2.1. Flory–Rehner Theory for Copolymer Microgels

For the description of the swelling behavior of copolymer microgels, the classical Flory–Rehner theory for homopolymer microgels must be extended, since the different interactions of the individual comonomers must be taken into account. Such an extension of the Flory–Rehner theory was proposed by Godbole et al. [40]. For a copolymer microgel with two comonomers a and b, the elastic contribution to the osmotic pressure ${\mathsf{\Pi }}_{el}$ is given by:

$${\mathsf{\Pi }}_{el}=\frac{N_c{\mathrm{k}}_{\mathrm{B}}T}{V_0}\left[\frac{{\varphi }_a+{\varphi }_b}{2{\varphi }_0}-{\left(\frac{{\varphi }_a+{\varphi }_b}{{\varphi }_0}\right)}^{1/3}\right]$$

(1)

where ${\mathrm{k}}_{\mathrm{B}}$ is the Boltzmann constant, T is the temperature and ${\varphi }_a$ and ${\varphi }_b$ are the volume fraction of comonomer a and b, respectively. $V_0$ is the volume of the microgel in the collapsed state and $N_c$ is the number of polymer chains. The mixing contribution to the osmotic pressure ${\mathsf{\Pi }}_{mix}$ for a copolymer microgel with two comonomers a and b is given by [40,41]:

$${\mathsf{\Pi }}_{mix}=-\frac{N_A{\mathrm{k}}_{\mathrm{B}}T}{{\nu }_S}\left[\ln {\varphi }_s+\left(1-{\varphi }_s\right)+\left(1-{\varphi }_s\right)\left({\varphi }_a{\chi }_{s,a}+{\varphi }_b{\chi }_{s,b}\right)\right]$$

(2)

where ${\varphi }_s$ is the volume fraction of the solvent s, ${\chi }_{s,a}$ and ${\chi }_{s,b}$ are the respective interaction parameters for characterizing the interaction between solvent and comonomer a and b, respectively and the interaction parameter ${\chi }_{a,b}$ which describes the interactions between comonomers a and b.
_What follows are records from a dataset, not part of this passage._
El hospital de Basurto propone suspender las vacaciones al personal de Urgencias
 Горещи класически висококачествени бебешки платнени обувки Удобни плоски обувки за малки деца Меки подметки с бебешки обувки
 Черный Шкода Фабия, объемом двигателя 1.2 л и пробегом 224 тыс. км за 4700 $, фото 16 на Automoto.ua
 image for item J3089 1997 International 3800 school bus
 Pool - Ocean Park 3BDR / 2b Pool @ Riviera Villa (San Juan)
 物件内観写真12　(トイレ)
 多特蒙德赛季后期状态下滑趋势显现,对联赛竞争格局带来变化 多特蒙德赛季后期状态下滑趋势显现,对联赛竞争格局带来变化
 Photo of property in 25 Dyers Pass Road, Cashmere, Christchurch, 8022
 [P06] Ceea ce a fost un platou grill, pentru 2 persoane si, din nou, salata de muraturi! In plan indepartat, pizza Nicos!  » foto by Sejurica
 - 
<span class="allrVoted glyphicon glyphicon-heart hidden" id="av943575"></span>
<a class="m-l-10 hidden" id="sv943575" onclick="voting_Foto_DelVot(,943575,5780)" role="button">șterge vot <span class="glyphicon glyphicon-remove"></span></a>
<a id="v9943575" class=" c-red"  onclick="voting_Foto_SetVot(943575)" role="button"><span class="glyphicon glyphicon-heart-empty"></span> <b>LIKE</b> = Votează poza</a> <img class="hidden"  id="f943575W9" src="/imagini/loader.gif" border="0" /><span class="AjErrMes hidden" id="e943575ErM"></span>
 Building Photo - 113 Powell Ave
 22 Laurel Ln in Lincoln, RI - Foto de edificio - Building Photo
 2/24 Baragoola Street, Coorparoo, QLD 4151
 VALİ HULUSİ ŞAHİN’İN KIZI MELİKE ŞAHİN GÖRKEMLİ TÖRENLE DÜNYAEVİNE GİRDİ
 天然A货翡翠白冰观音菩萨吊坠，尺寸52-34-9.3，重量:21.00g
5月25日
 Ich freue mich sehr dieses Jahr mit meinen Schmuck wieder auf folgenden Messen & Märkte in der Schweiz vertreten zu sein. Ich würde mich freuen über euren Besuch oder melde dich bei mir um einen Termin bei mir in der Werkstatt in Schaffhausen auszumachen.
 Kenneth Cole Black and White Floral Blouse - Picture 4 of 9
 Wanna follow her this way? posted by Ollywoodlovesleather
As in the standard Flory–Rehner theory, the contributions to the free energy change $\Delta F$ are assumed to be a sum of the mixing contribution $\Delta F_{mix}$ and the elastic contribution $\Delta F_{el}$. If ${\mathsf{\Pi }}_{el}$ (Equation (1)) and ${\mathsf{\Pi }}_{mix}$ (Equation (2)) are equal in swelling equilibrium, Equation (3) is obtained for the thermodynamic description of the swelling behavior of a binary copolymer microgel [40].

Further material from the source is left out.